2. The method for separating a voice signal from a sound source according to claim 1, wherein the specific steps of step 1 are as follows: and obtaining a time domain signal of the mixed voice to be processed by using a signal acquisition system, and performing short-time Fourier transform on the time domain signal to obtain a time-frequency domain signal of the mixed voice to be processed.

3. The method according to claim 1, wherein in the step 2, the separation matrix of each frequency band is initialized by using an identity matrix, the diagonal element of the matrix is 1, and the remaining elements are 0.

4. The method according to claim 1, wherein in step 32, when a laplace distribution is selected as the source signal distribution model, an update rule for obtaining the separation matrix is:

wherein Representing a separation matrix W ^k In (2), the superscript H denotes the conjugate transpose, x ^k Representing a mixed signal vector in the kth frequency band, is->M represents the total number of microphones, G' (. Cndot.) represents the first derivative of G (. Cndot.), G (r) _n )＝r _n ，G'(r _n )＝1；e _n Representing a unit vector, the nth element being 1, the remaining elements being 0;

when multi-channel non-negative matrix factorization is selected as a source signal model, the update rule of the obtained separation matrix is as follows:

wherein t_kl,n and v_lt,n The update rules of (a) are respectively:

wherein ,represents sample average, e _n Representing a unit vector, the nth element being 1, the remaining elements being 0,l' new indicators of the base; />Representing a separation matrix W ^k The superscript H denotes the conjugate transpose.
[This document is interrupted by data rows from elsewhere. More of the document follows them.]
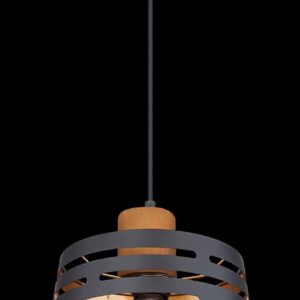 globo-hanglamp-ablona-zwart-metaal-ø25cm-e27-15451h-2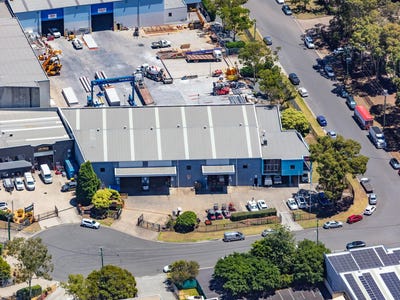 20-21 Sleigh Place, Wetherill Park, NSW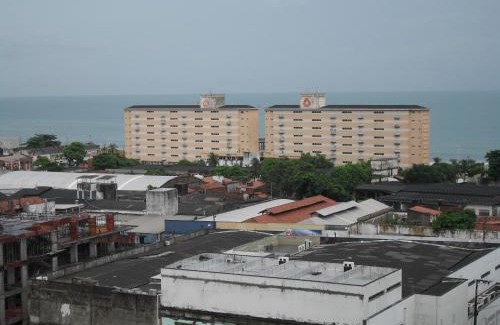 Praia de Iracema Apartment | Apartamentos Vila de Iracema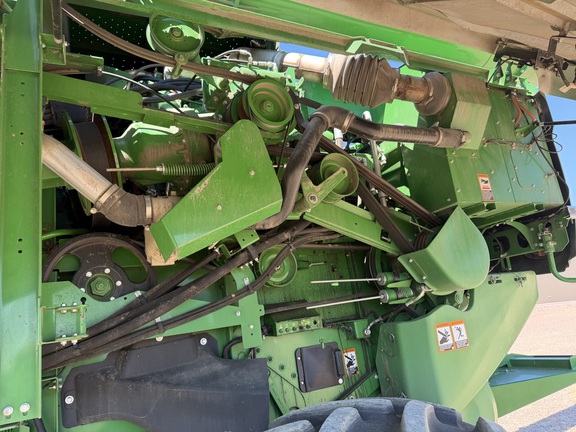 2024 John Deere S770 - Photo19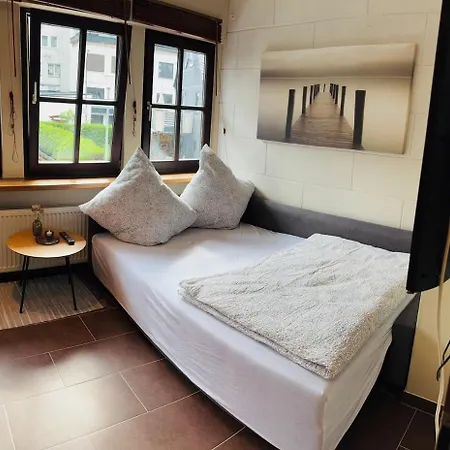 Goldstueck Apartamento *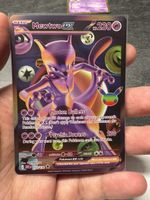 MEWTWO EX 157/128 30th Anniversary 🔥🔥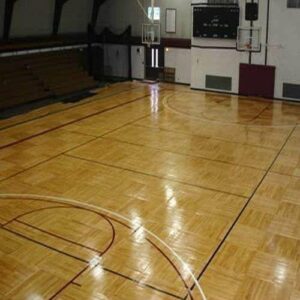 Hardwood Sports Flooring Supplier in Kolkata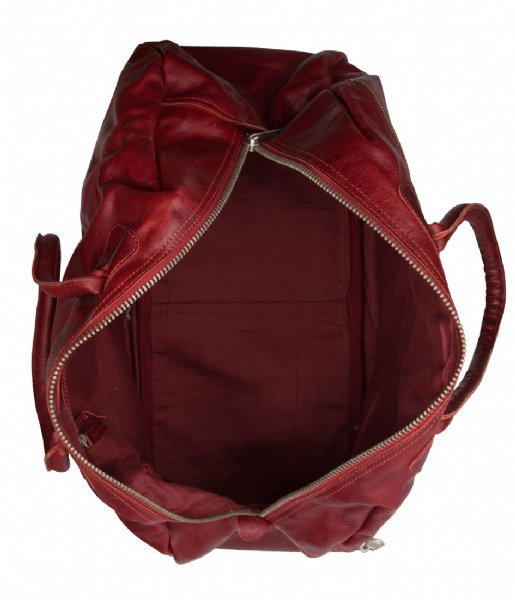 Cowboysbag  Bag Chicago red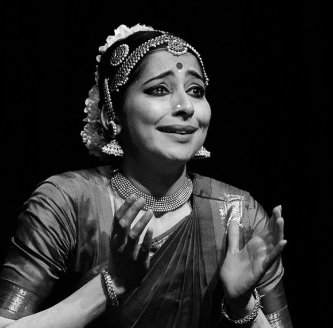 Pallavi Anand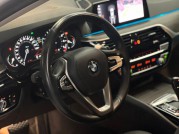 BMW 5 SERIES SEDAN G30 153.8萬 2019 花蓮縣二手中古車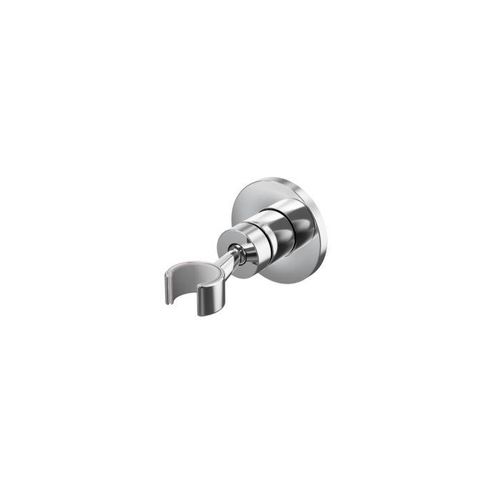 Wandhalter zu Brauseset 1001665 chrom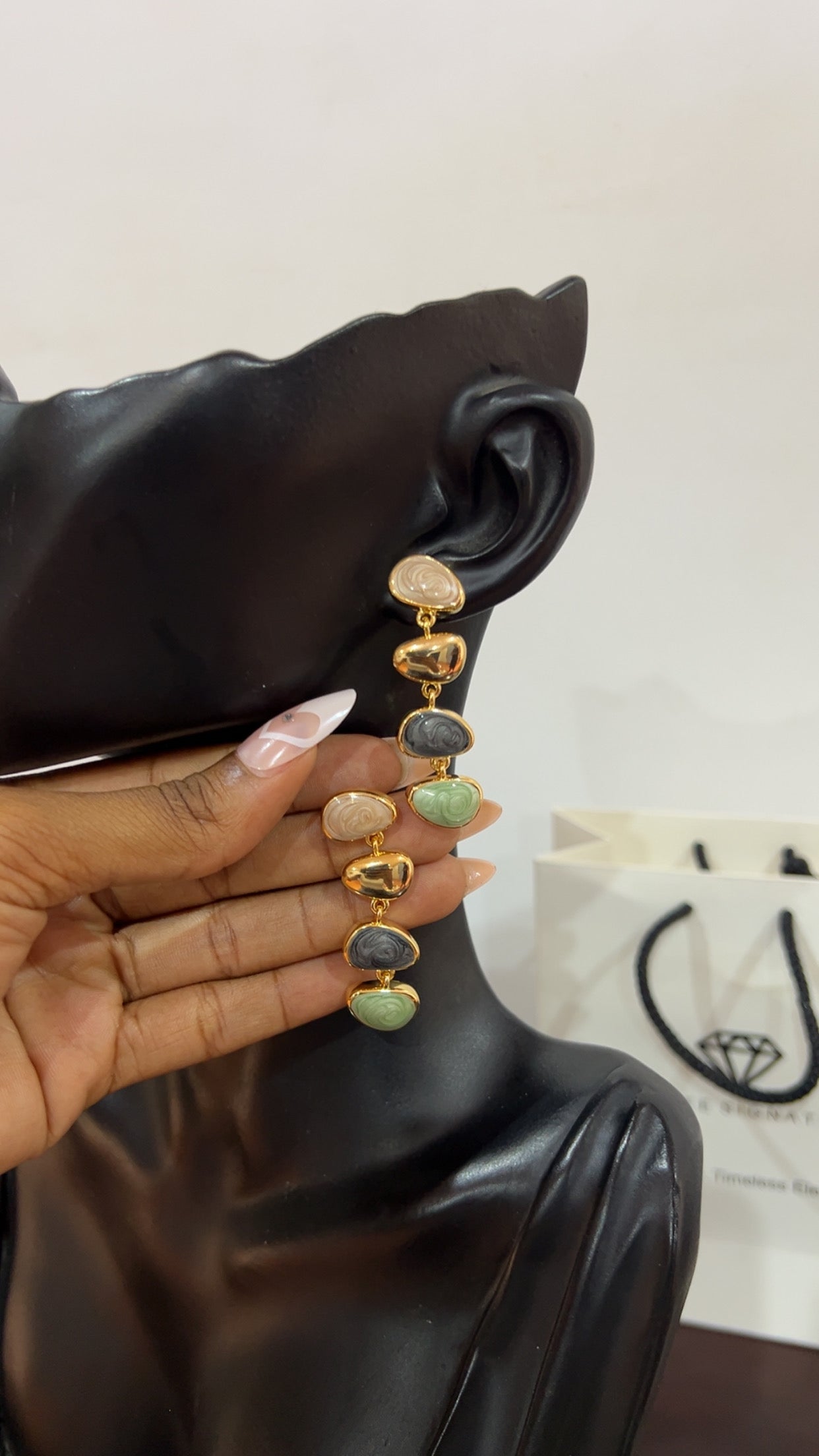 Earring RBs(1121)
5. The method for separating voice signals from sound sources according to claim 1, wherein in the step 4, the separation matrix is subjected to the size normalization according to the minimum distortion criterion, and the specific steps are as follows:

W ^k ←(W ^k (W ^k ) ^H ) ^-1/2 W ^k

where K is a frequency index, k=1, 2, …, K is the total number of frequency bands; w (W) ^k The separation matrix of the kth frequency band is represented, and the superscript H represents the conjugate transpose.

6. The method for separating a speech signal from a sound source according to claim 5, wherein the specific steps of step 5 are as follows: separating matrix W obtained in step 4 ^k With the mixed speech time-frequency domain signal x to be processed ^k Multiplying to estimate the separated time-frequency domain voice signal y ^k 。

7. The method for separating a voice signal from a sound source according to claim 1, wherein the specific steps of step 6 are as follows: and (5) performing short-time Fourier inverse transformation on the time-frequency domain voice signals estimated in the step (5) to obtain separated time domain voice signals.